Combinés, ces facteurs ont laissé le cyclisme italien se vautrer dans le marasme, vacillant de temps en temps grâce au dernier exploit de Nibali, mais généralement relégué au troisième niveau des sports italiens, un gouffre entre lui et le football, et un écart important maintenant avec la F1 et la Moto. généraliste. En conséquence, il est difficile d’imaginer un jeune grimpeur émerger maintenant et forcer
leur chemin dans la conscience sportive populaire de la manière dont Pantani l’a fait lorsqu’il a remporté des étapes de montagne consécutives dans le Giro 1994 et a terminé deuxième au GC. Peut-être que cela pourrait arriver dans un monde post-Covid-19 où le cyclisme récréatif devrait devenir un élément central de la planification des transports italiens. Mais cela nécessiterait aussi l’émergence d’un coureur qui non seulement conquiert le cœur des tifosi mais aussi l’attention des amateurs de sport fauteuil, un Pantani du 21e siècle.
Le dernier des champions de la vieille école
L’un des fondements de l’attrait continu de Marco Pantani était la façon dont son style de course évoquait les exploits des artistes légendaires du cyclisme, une comparaison rendue encore plus pertinente par son attitude loin du vélo. “Il y a beaucoup à dire sur la comparaison avec les légendes italiennes du sport, avec des gens comme Fausto Coppi et Gino Bartali”, déclare le journaliste et auteur William Fotheringham, qui a interviewé Pantani à plusieurs reprises au cours de sa carrière. “Pantani a couru d’une manière assez différente et son équipe était structurée autour de lui seul.
Il était également assez différent de la plupart de ses rivaux à d’autres égards. Il n’a eu de manager qu’en 1999. Jusque-là, vous pouviez simplement lui téléphoner directement et convenir d’un entretien. Habituellement, il vous donnait un jour et une heure particuliers pour vous rencontrer dans la boutique de piadineria de sa mère. C’était tout ce qu’il fallait.”

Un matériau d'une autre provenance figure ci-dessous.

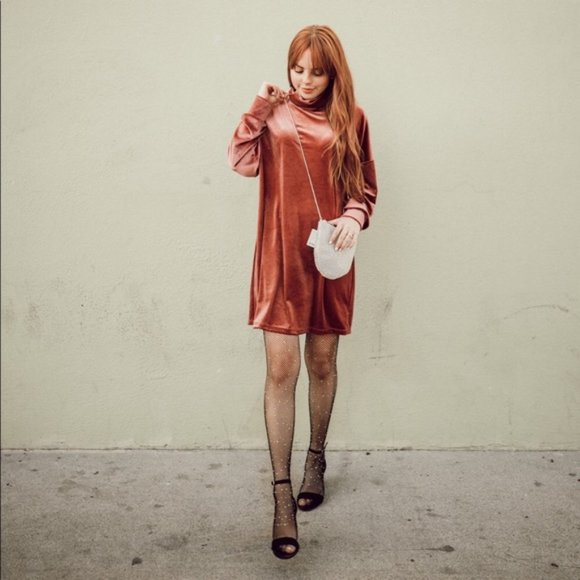 UO Dusty Pink Velvet Turtleneck Mini Dress S - Picture 5 of 11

L’approche de Pantani en matière de course a encore amélioré les comparaisons. Selon Gianni Mura, correspondant cycliste de La Repubblica depuis 1967, décédé plus tôt cette année, “Comme les anciens coureurs, il courait à l’instinct, il n’utilisait pas le cardiofréquencemètre. Lorsqu’il s’entraînait, il buvait aux fontaines et mangeait du pain et du pecorino. Plus encore que les victoires, je me souviens de leur attente, ou plus précisément de l’attaque qui viendrait inévitablement dans une montée.”
Lorsque Mura a demandé à Pantani alors qu’il se dirigeait vers la victoire du Tour de France 1998 pourquoi il était allé si vite dans les montagnes, l’Italien a répondu : “Pour raccourcir mon agonie.” C’était le genre de formulation qui non seulement résumait la philosophie de Pantani, mais correspondait également à l’image que de nombreux journalistes évoquaient lorsqu’ils écrivaient sur lui.

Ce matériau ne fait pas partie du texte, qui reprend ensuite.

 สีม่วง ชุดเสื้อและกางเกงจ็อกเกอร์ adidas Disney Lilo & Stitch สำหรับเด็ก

“Les gens adoraient ce genre de choses”, déclare Daniel Friebe. “Je ne sais pas à quel point Pantani a cultivé cette image ou à quel point ce n’étaient que des journalistes qui venaient de cet âge plus romantique et qui continuaient à raconter des histoires, et qui cherchaient désespérément à conserver ces vieux fils de Coppi et Bartali.” Cette tendance, ajoute-t-il, a nourri l’impression que beaucoup de discussions sur le cyclisme sont en noir sur blanc, qu’elles rappellent les beaux jours de ce sport, un trait qui ne plaira probablement pas aux jeunes fans à la recherche de nouveaux récits pour stimuler leur passion. pour le sport.